Supplied information:
################

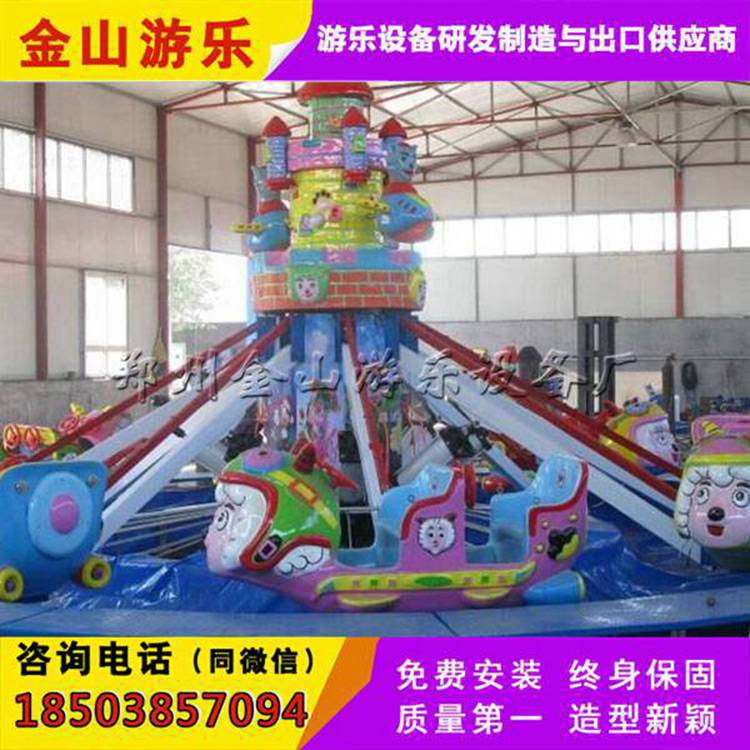 旋轉(zhuǎn)飛羊 自控飛羊 喜洋洋大戰(zhàn)灰太* 飛羊價格旋轉(zhuǎn)飛羊多少錢旋轉(zhuǎn)飛羊廠家報價13676918873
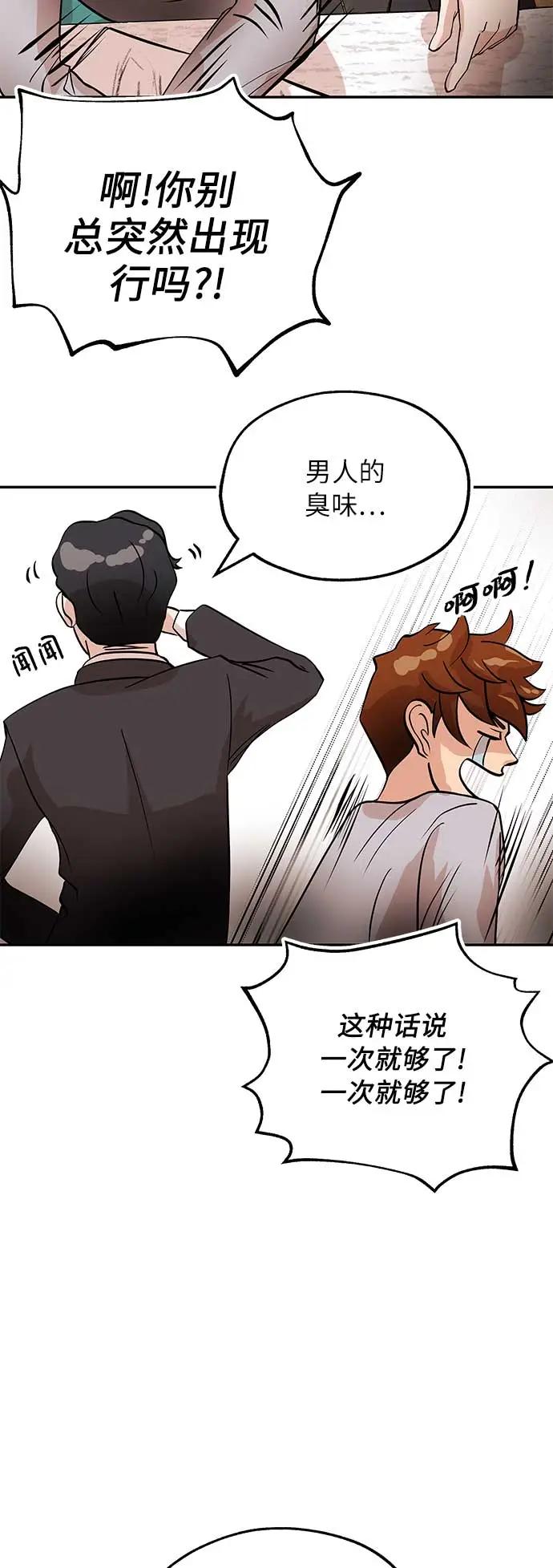 [第10话] 位置32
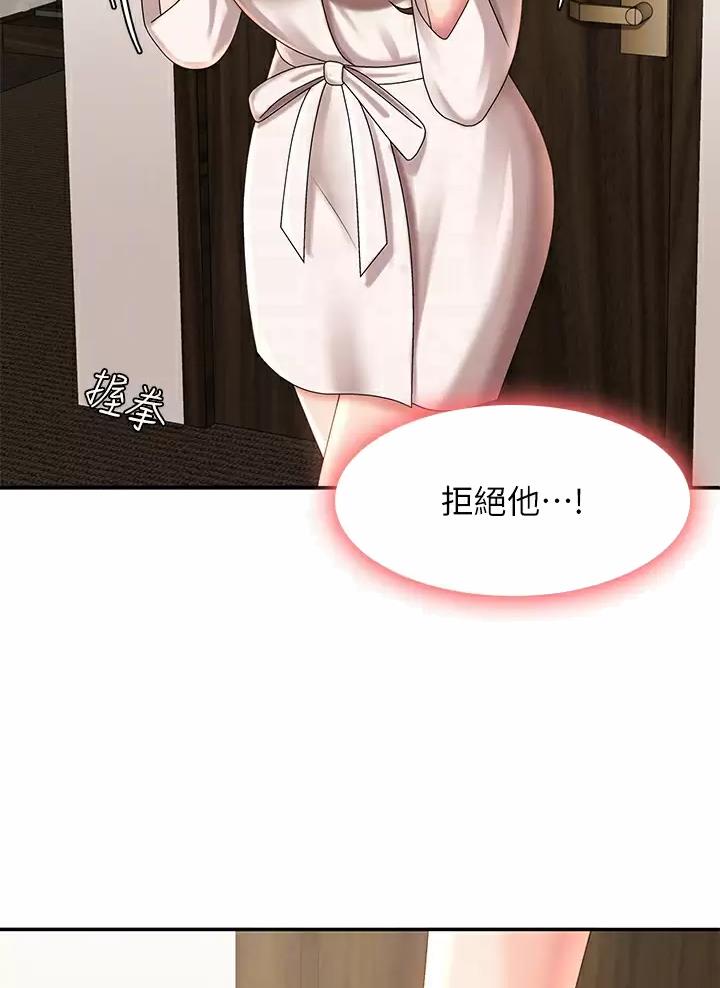 青春期漫画,第35话2图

################

Reproduce the listing above exactly, without a single picture.

Solved exercise:
 旋轉(zhuǎn)飛羊 自控飛羊 喜洋洋大戰(zhàn)灰太* 飛羊價格旋轉(zhuǎn)飛羊多少錢旋轉(zhuǎn)飛羊廠家報價13676918873
 [第10话] 位置32
 青春期漫画,第35话2图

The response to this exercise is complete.